◆ EXERCISE BRIEF
Return verbatim the run of lines that opens with the line holding "29397 Highway U Highway Property Photo 15" and closes with the last line of the records.

[Stored entries]
◆ ◆ ◆ ◆

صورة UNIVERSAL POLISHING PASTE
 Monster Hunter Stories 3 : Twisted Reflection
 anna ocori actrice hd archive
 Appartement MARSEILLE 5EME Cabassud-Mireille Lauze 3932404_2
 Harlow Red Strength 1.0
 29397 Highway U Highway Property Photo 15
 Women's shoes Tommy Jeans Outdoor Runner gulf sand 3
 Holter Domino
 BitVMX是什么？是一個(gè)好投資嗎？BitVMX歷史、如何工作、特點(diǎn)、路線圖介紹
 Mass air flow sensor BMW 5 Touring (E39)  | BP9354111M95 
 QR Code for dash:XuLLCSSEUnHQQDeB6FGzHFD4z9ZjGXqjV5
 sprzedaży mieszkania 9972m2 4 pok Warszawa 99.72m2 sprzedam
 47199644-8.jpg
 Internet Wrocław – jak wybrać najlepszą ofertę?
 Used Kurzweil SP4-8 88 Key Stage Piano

◆ ◆ ◆ ◆

◆ TASK SOLUTION
 29397 Highway U Highway Property Photo 15
 Women's shoes Tommy Jeans Outdoor Runner gulf sand 3
 Holter Domino
 BitVMX是什么？是一個(gè)好投資嗎？BitVMX歷史、如何工作、特點(diǎn)、路線圖介紹
 Mass air flow sensor BMW 5 Touring (E39)  | BP9354111M95 
 QR Code for dash:XuLLCSSEUnHQQDeB6FGzHFD4z9ZjGXqjV5
 sprzedaży mieszkania 9972m2 4 pok Warszawa 99.72m2 sprzedam
 47199644-8.jpg
 Internet Wrocław – jak wybrać najlepszą ofertę?
 Used Kurzweil SP4-8 88 Key Stage Piano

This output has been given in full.